Reaction to the Mexican War was mixed. Southerners and Democrats were generally in favour of it. New Englanders and Whigs opposed it, questioning its justification, and some seeing it as no less than a plot to extend slavery. The North had longed feared of the so-called Slave Power- a slaveholding oligarchy that controlled the South and intended to dominate the country. Whilst part of Oregon was abandoned with the Oregon Treaty of 1846 with Great Britain, the United States was prepared to fight a war to annex proslavery Texas. Was this not a plot to further increase the power of the slaveholding South? The United States had defeated the Mexicans by 1848, having invaded Mexico and capturing the capital. The Treaty of Guadalupe Hidalgo gave California and Texas (including present-day Nevada, Utah and Arizona) to the United States.

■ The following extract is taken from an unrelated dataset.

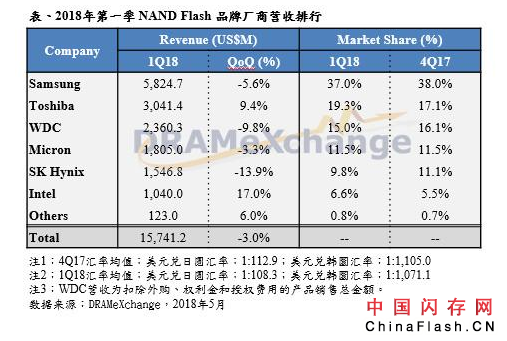 第一季NAND Flash品牌商营收季减3%，需求进入淡季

Although the war had been a success as the country further expanded, its effect on the political system was disastrous. The slavery question that the war brought into the open divided the country. Southern Whigs and antislavery northern Whigs diverged. Southern and northern Democrats diverged. In the 1848 election, Democrats sought to unite their party by nominating a northerner, Senator Lewis Cass of Michigan, for president, and a southerner, General William Butler of Kentucky, for vice president. But many southern Democrats distrusted Cass and voted for the Whigs’ candidate, General Zachary Taylor, who was a southern slaveholder. With this additional support Taylor won the election. But the clearest thing that emerged from the election was the growing sectional divide between North and South. The question of slavery in the territories would deepen the rift and eventually destroy the second two-party system as the 1850’s unravelled.

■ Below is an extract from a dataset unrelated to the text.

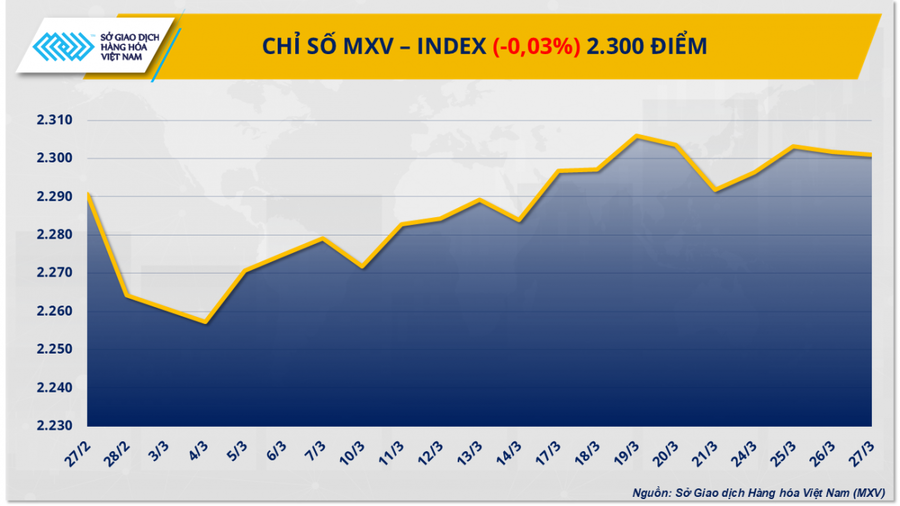 Chỉ số MXV-Index giảm nhẹ, đồng COMEX rơi khỏi mốc kỷ lục.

The Compromise of 1850 saw California accepted into the Union as a free state, but only after much debate. Southern states had wanted it to be annexed as a slaveholding state. Representatives from nine southern states had met in Nashville, Tennessee, and asserted the South’s claim to part of the state. The South was beginning to act as if it was a separate country to the rest of the Union. The Democratic candidate, Franklin Pierce, won the 1852 presidential election. Pierce believed that each state’s individual rights were paramount and essential to the nation’s security. In 1854 the Kansas-Nebraska Act repealed the Missouri Compromise’s limitation on slavery. It essentially re-opened two states, Kansas and Nebraska, to slavery, where before it had been abolished in these areas. The Whig party split and burst into northern and southern wings that could no longer act as one. One of the two foundation parties of the second party system was now gone. The Act pushed the Democrats away from northern voters and they became more and more seen as the party of the South. During the summer and autumn of 1854, antislavery Whigs and Democrats, Free-Soilers (a party that briefly existed during this period), and other reformers throughout the Northwest met to form the new Republican party, dedicated to keeping slavery out of the territories. The Republicans’ strength grew rapidly in the northeast, and for the first time a sectional party had gained significant power in the political system. With the United States now so polarised that its northern part voted for one party only and its southern party for another, the actual Union itself would soon be under threat.


The Road to Civil War


I have, Senators, believed from the first that the agitation of the subject of slavery would, if not prevented by some timely and effective measure, end in disunion


– James C. Calhoun addressing the U.S. Senate on the Slavery Question, 18508


If slavery be the destined sword in the hand of the destroying angel which is to sever the ties of this Union, the same sword will cut in sunder the bonds of slavery itself


– John Quincy Adams9

Events in Kansas only worsened the divide. Abolitionists and religious groups sent armed settlers into the area; southerners sent their own men to establish slavery and prevent northerners ‘stealing’ Kansas away. The two groups clashed violently, and soon the whole nation was talking about &ldquoBleeding Kansas.” In May 1856 a South Carolina Representative physically attacked a Massachusetts Representative in the Senate. North and South were politically at war.